US actor George Clooney speaks at the White House after a meeting with US President Barack Obama at the White House in Washington, DC. Clooney said Obama would press China's President Hu Jintao when they meet in Seoul this month for action on averting a humanitarian disaster in Sudan

Oscar winner George Clooney Thursday said President Barack Obama would press China's President Hu Jintao when they meet in Seoul this month for action on averting a humanitarian disaster in Sudan. Clooney met Obama two days after returning from a clandestine trip to Sudan's mountainous South Kordofan region, which is facing famine due to bombings by government forces that have impeded agricultural production. He argued that China, Khartoum's top partner, may be susceptible to economic rather than moral arguments as it was experiencing pain from a shutdown in oil shipments due to the rift between Sudan and South Sudan. "China, (which) gets six percent of its oil imported from the Sudan, suddenly it affects their economy," Clooney told reporters at the White House, saying that US coordination with Beijing could alleviate the situation. "There is a moment that we can appeal for China not on a humanitarian issue ... this is an opportunity ... on a high level to work together and help effect their own economic interests. "The president has a meeting with president Hu in two weeks and said he would have a discussion with him about that very specific issue." South Sudan became independent in July following two decades of war.

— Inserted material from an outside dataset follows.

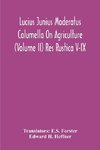 Lucius Junius Moderatus Columella On Agriculture (Volume Ii) Res Rustica V-Ix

But a new conflict broke out soon afterward in South Kordofan and nearby Blue Nile state, with Khartoum fighting insurgents once allied to the former rebels who now rule South Sudan. Obama and Hu are both due to take part in a Nuclear Security Summit in Seoul on March 26-27. The White House has yet to confirm they will hold one-one-one talks, but they frequently meet at international summits around the world. On Wednesday, the United States urged Sudan to allow in food shipments immediately to avert a humanitarian disaster, as Clooney accused the Khartoum government of war crimes. The "Ocean's Eleven" star said he saw hundreds of people running to the hills or hiding in caves due to the omnipresent buzzing of Antonov planes, from which Sudanese forces manually dump notoriously inaccurate bombs. Clooney, a longtime activist seeking to end what the United States has called genocide in Sudan's western Darfur region, said South Kordofan was "ominously similar." He argued that President Omar al-Bashir and his aides are "proving themselves to be the greatest war criminals of this century by far."